As far as I can tell, the below code snippets highlights the current actual code. We just need to figure out how it diverges from the pseudo-code in my previous comment.

Note on notation below:

f(x)
    g(x) # f calls g
    if A: >>>
        h(x) # h runs if A is true

So, the simplified code is:

def create():
    hpss_put(hpss, get_db_filename(cache), cache, keep=True)
        hpss_transfer(hpss, file_path, "put", cache, keep)
            globus_transfer(endpoint, url_path, name, transfer_type)
                transfer_data.add_item(src_path, dst_path)
                if task_id: >>> 
                    task = transfer_client.get_task(task_id)
                    if task["status"] == "ACTIVE" >>> 
                        return!
                task = submit_transfer_with_checks(transfer_data)
                    task = transfer_client.submit_transfer(transfer_data)
                task_id = task.get("task_id")
                if transfer_type == "get" and task_id: >>> # We do NOT enter this block on create, because we are putting, not getting!
                    globus_wait(task_id)
    globus_finalize(non_blocking=args.non_blocking)
        if transfer_data: >>> 
            last_task = submit_transfer_with_checks(transfer_data)
            last_task_id = last_task.get("task_id")
        if not non_blocking: >>>
                    if task_id: >>>
                        globus_wait(task_id)
                    if last_task_id: >>>
                        globus_wait(last_task_id)

globus.py unfortunately uses global variables, which can make tracking state quite difficult. In particular:

transfer_client: TransferClient = None
transfer_data: TransferData = None
task_id = None

Inside globus_wait:

        while not transfer_client.task_wait(task_id, timeout=20, polling_interval=20):
            pass
        

@TonyB9000
Copy link
Collaborator

@forsyth2 You wrote:
“NOTE: zstash is currently always non-blocking.”

I take that to be equivalent to “non-blocking=True”, effectively. The release version has no “blocking/non-blocking” adjustment.

Then, in the pseudocode, you write:

“if not non_blocking:
# This is the default case.

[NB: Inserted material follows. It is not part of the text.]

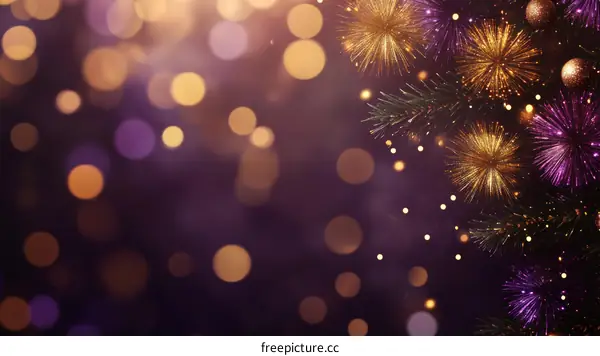 Festive Fireworks and Christmas Fir Tree Illustration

The --non-blocking flag has NOT been set.”

This is equivalent to “non-blocking=False”. Are you now referring to the desired NEW behavior?

In any case, my main question here is … what is the motivation for “blocking”? (non-blocking=False”). Why do we want to hold-up tarfile creation while a globus transfer is running?

From my point of view, the only “Must Be Avoided” behavior would be attempting to transfer a tar-file BEFORE it is completed. This can be accomplished by having Globus transfer the tar-files in a “tarfiles-completed” list.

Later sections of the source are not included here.